ACTIVITY — Leave out the pictures and retype, exactly, the lines below from the line with "Women's Tybee Island" up to and including the line with "2 bông Hoa thêu cánh nổi 3D mã H308", nothing more.

EXTRACTED DATA —
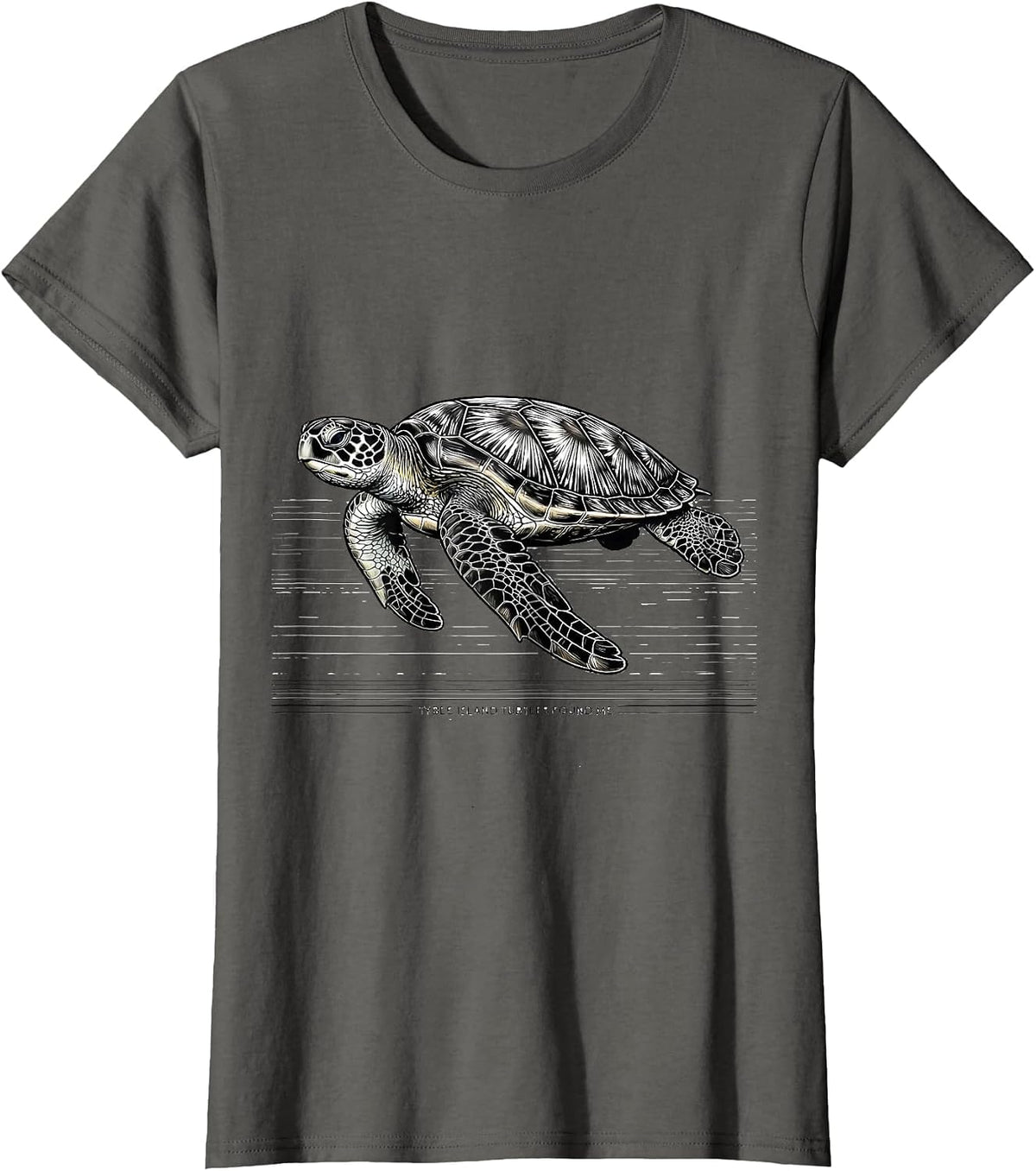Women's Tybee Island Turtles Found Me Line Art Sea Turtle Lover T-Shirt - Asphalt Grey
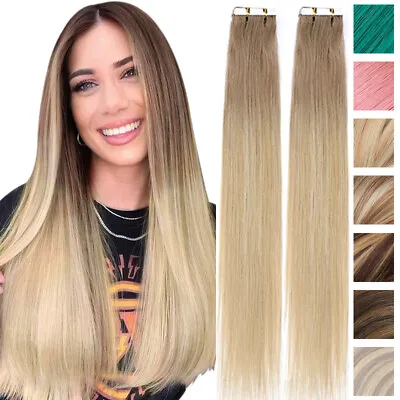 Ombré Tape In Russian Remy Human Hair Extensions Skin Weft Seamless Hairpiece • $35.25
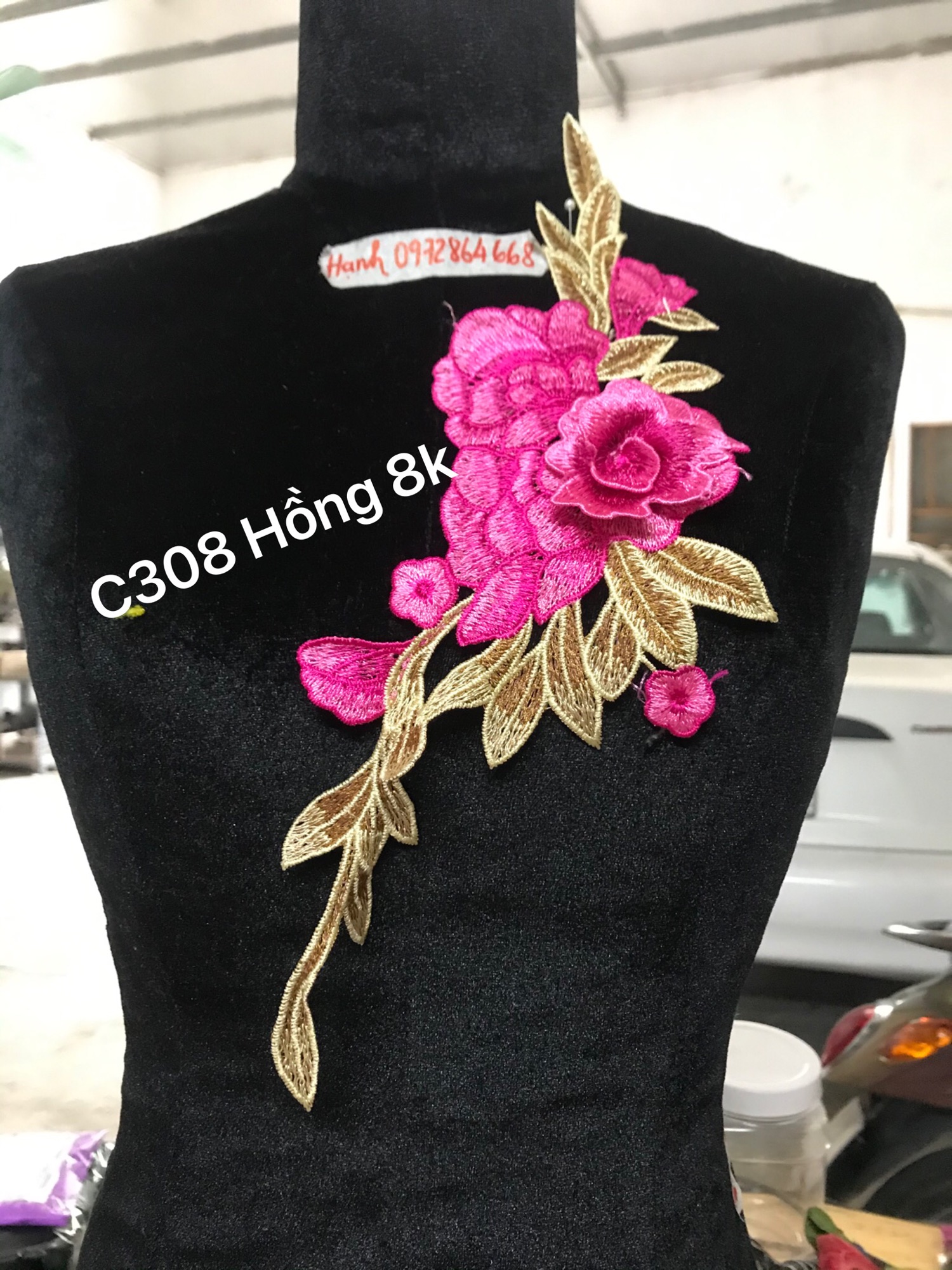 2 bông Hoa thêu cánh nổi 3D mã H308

==

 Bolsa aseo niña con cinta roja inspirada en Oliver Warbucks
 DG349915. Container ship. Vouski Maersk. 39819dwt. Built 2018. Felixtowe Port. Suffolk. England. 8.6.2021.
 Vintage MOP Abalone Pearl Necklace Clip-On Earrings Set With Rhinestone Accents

ANSWER SPACE —
Women's Tybee Island Turtles Found Me Line Art Sea Turtle Lover T-Shirt - Asphalt Grey
 Ombré Tape In Russian Remy Human Hair Extensions Skin Weft Seamless Hairpiece • $35.25
 2 bông Hoa thêu cánh nổi 3D mã H308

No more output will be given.